- **Instructions for the task**: The lines below, from the one containing "wingswest.com Logo PNG Vector" through the one containing "Logic T shirt", should be set down exactly, with no pictures and nothing else.

——

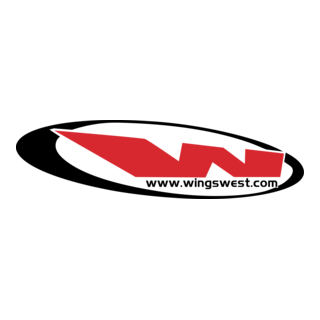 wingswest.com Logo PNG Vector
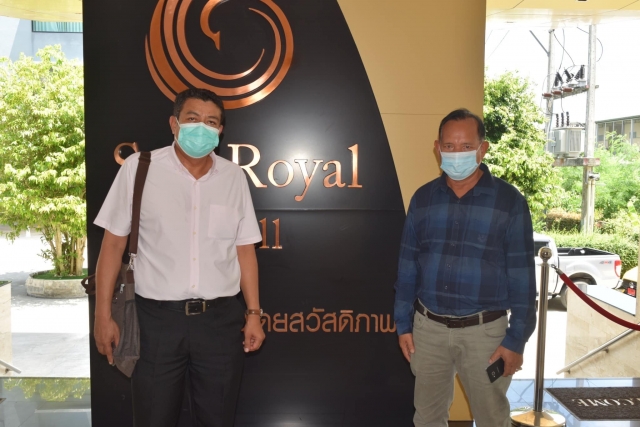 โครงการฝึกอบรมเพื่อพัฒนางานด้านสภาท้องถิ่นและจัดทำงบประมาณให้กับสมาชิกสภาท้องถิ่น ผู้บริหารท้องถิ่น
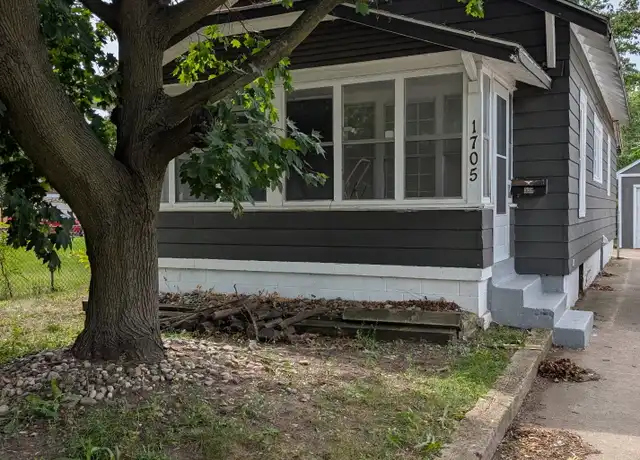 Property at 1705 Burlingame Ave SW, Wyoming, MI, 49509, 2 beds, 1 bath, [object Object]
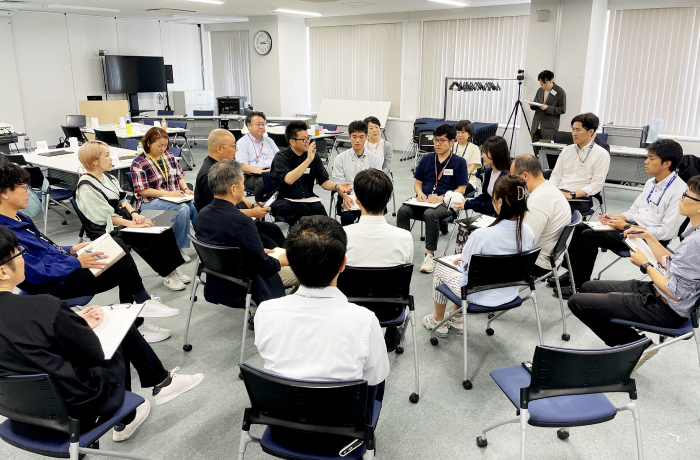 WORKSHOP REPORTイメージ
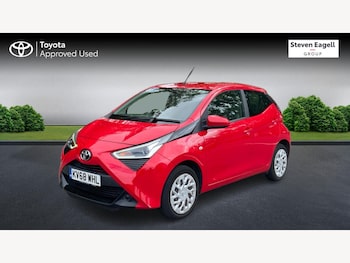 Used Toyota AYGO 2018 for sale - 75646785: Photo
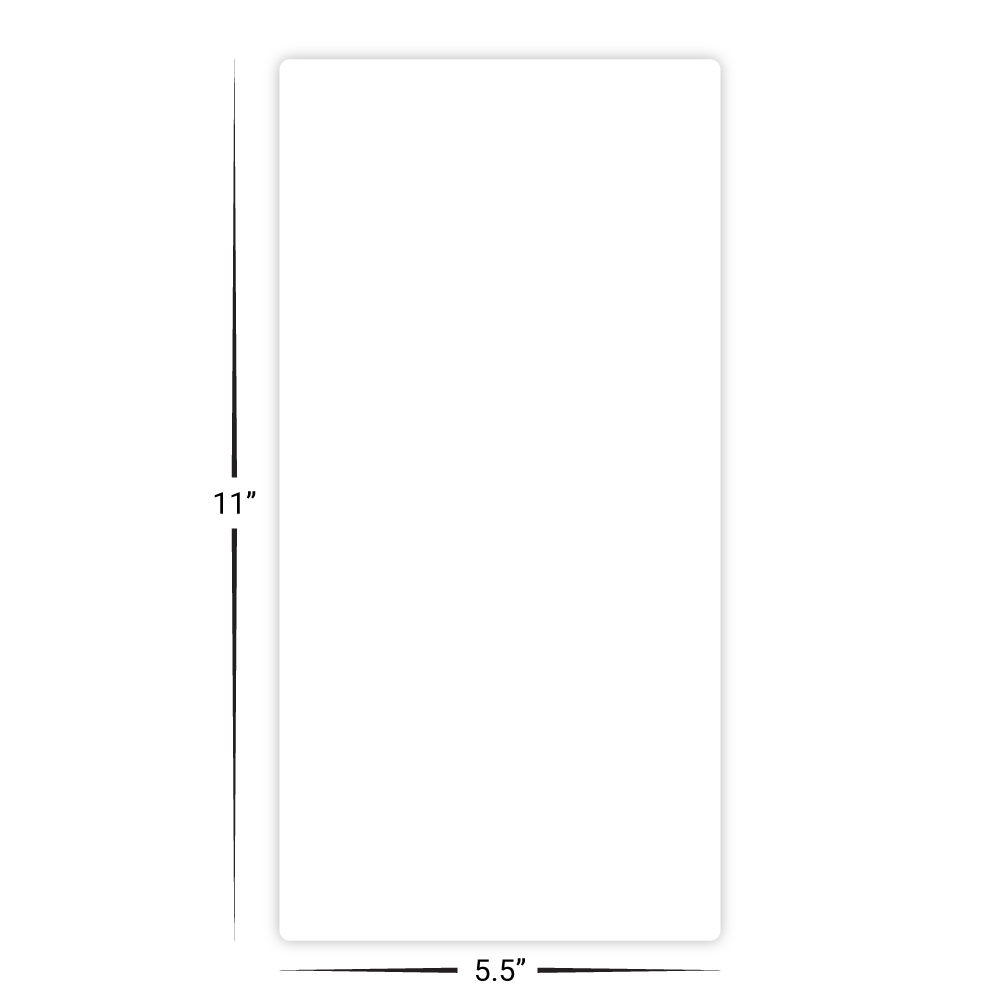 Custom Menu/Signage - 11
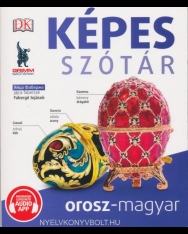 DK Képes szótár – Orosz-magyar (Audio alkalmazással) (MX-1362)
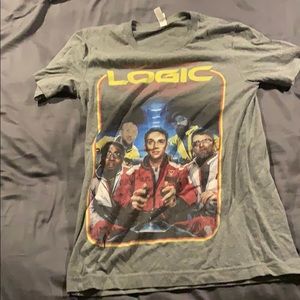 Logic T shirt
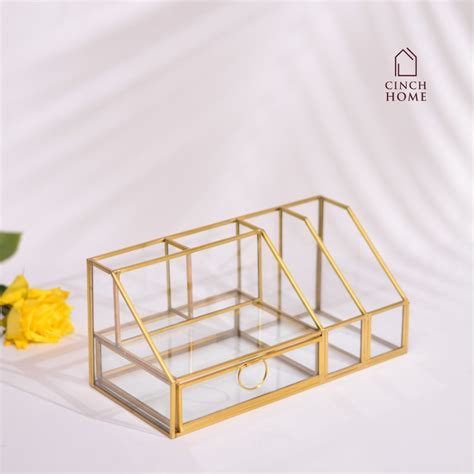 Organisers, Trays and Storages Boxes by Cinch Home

——

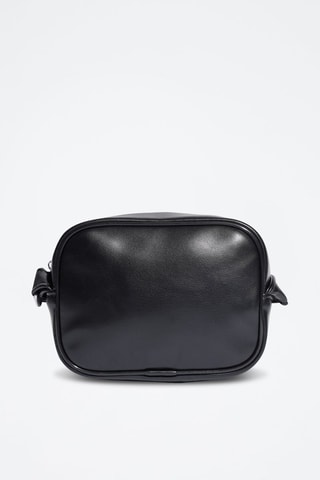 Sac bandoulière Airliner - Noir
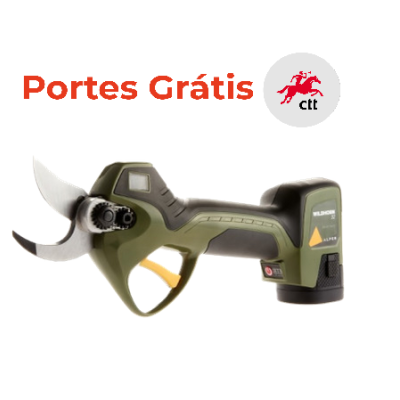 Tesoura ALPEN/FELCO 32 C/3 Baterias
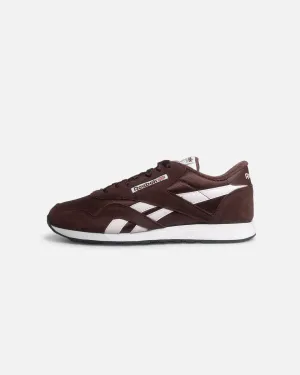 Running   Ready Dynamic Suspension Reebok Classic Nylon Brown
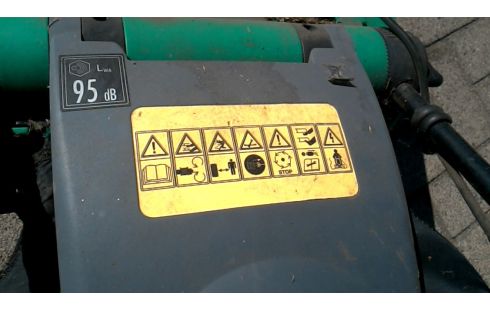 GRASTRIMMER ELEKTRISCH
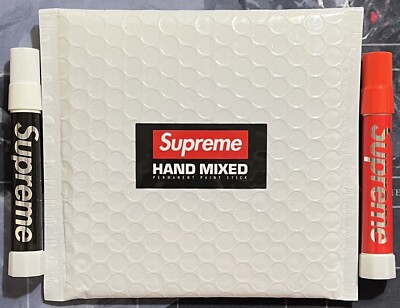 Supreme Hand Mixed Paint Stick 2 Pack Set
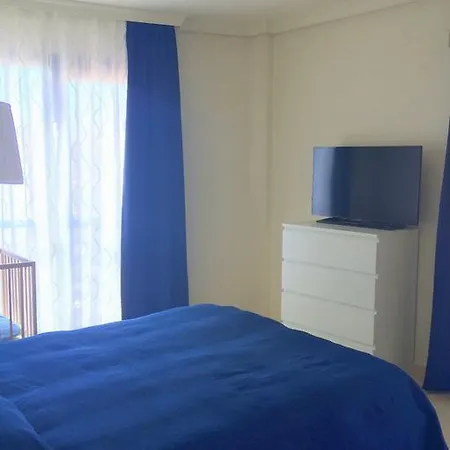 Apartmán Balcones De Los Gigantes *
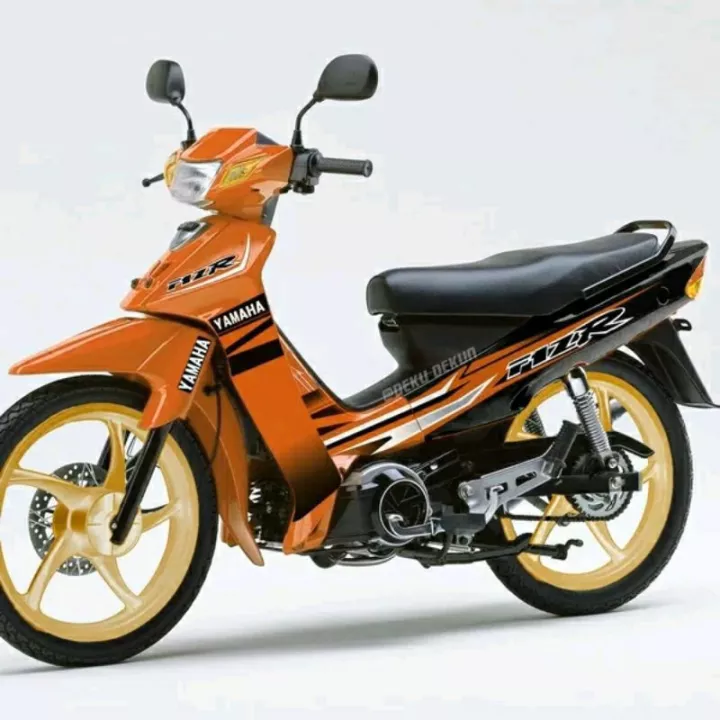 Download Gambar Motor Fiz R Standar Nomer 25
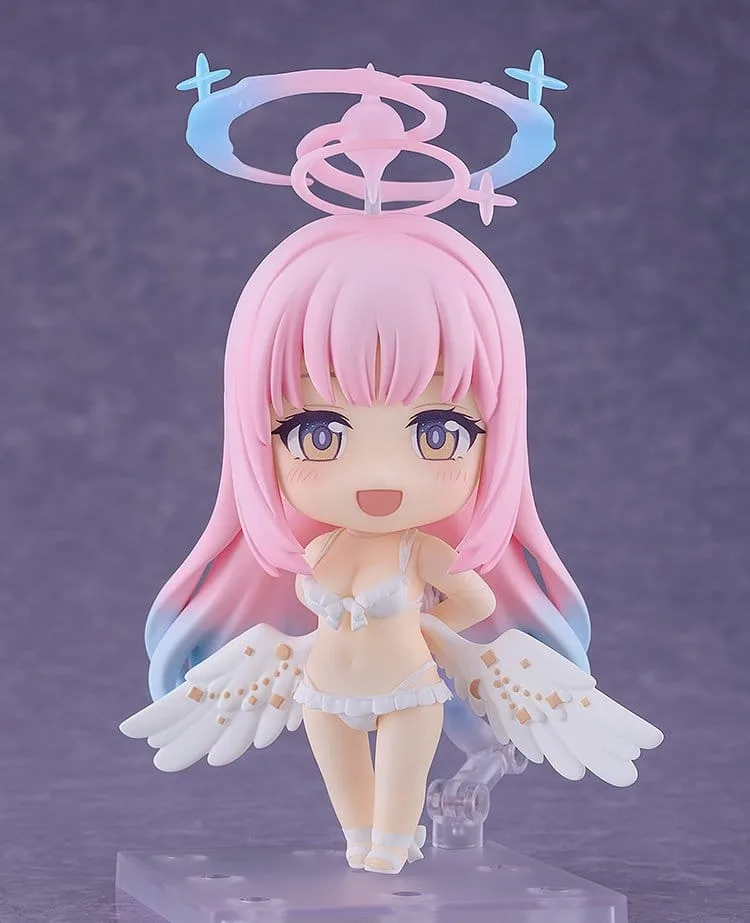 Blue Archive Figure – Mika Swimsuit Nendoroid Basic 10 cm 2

——

- **Task output**:
 wingswest.com Logo PNG Vector
 โครงการฝึกอบรมเพื่อพัฒนางานด้านสภาท้องถิ่นและจัดทำงบประมาณให้กับสมาชิกสภาท้องถิ่น ผู้บริหารท้องถิ่น
 Property at 1705 Burlingame Ave SW, Wyoming, MI, 49509, 2 beds, 1 bath, [object Object]
 WORKSHOP REPORTイメージ
 Used Toyota AYGO 2018 for sale - 75646785: Photo
 Custom Menu/Signage - 11
 DK Képes szótár – Orosz-magyar (Audio alkalmazással) (MX-1362)
 Logic T shirt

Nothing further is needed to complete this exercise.